The latest Intelsat EpicNG satellite, Intelsat 37e, pushes the boundaries of space innovation with full interconnectivity – any beam to any beam – in C-band, Ku-band, and Ka-band. Intelsat 37e is designed to deliver additional services and improved throughput in all major applications: cellular backhaul, enterprise networks, rural broadband, maritime, aeronautical, direct-to-home television and digital terrestrial television.
Like the other Intelsat EpicNG satellites, Intelsat 37e features beam switching and anti-interference capabilities, as demonstrated last year with a Block 5 Predator B/MQ-9 on the Intelsat 29e satellite. The unmanned aircraft system (UAS) flew 1,075 nautical miles round trip in a test where command-and control of the UAS as well as sensor data transmissions from the aircraft were successfully switched multiple times between two beams.

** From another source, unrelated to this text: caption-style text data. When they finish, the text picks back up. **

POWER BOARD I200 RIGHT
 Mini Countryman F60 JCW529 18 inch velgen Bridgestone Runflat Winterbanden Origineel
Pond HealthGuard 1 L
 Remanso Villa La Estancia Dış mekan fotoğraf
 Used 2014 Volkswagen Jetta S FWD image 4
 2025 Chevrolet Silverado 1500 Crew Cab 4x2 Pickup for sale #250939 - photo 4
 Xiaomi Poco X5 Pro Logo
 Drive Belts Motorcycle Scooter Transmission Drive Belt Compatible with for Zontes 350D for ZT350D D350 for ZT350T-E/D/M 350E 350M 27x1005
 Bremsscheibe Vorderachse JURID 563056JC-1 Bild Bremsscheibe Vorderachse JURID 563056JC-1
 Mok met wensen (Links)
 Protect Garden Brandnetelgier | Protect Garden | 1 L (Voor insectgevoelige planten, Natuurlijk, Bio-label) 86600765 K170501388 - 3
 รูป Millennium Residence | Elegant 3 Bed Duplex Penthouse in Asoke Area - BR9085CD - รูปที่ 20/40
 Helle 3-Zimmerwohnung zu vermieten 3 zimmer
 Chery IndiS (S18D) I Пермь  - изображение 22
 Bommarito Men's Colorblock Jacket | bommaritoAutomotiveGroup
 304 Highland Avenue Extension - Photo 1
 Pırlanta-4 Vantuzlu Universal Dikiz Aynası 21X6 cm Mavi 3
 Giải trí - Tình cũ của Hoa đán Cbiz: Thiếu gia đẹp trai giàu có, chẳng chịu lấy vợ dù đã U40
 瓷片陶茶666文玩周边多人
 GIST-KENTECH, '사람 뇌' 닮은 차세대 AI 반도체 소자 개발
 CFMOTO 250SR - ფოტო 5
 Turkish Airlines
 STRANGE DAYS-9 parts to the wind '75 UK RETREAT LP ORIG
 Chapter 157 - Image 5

Despite last year’s demonstrations and validations, Intelsat General recognizes the need to further educate government customers on what it means to utilize a high-throughput spot-beam architecture versus a wide-beam architecture.
“The military has a long history of wanting to cover very large geographic areas with a single requirement so that they can use that capability as their needs change. Sometimes they’ve even kept that capability in their back pocket for something that might emerge,” Butler said in the Aviation Week interview.
The high throughput spot beam architecture is different. Each of the beams covers a smaller area, so to cover a large geographic area the platform may have to traverse across more than one beam. A managed service allows you to move across those beams without having to buy capacity within each beam. With a managed service, you move from one place to the next, and the capacity moves with you.
Going forward, it behooves military customers to also understand the role of low-Earth-orbit (LEO) constellations such as that planned by OneWeb. LEO isn’t a replacement for GEO, but rather is better suited for certain applications. For example, LEO is a good fit for low-latency requirements and coverage over the polar regions where GEO can’t get to today.
Commercial satellite providers like Intelsat General have cleared the way to enable military customers to take advantage of HTS, even going so far as to make procurement easier and more cost efficient through managed services. Now it’s up to the military to do its part in realizing these benefits.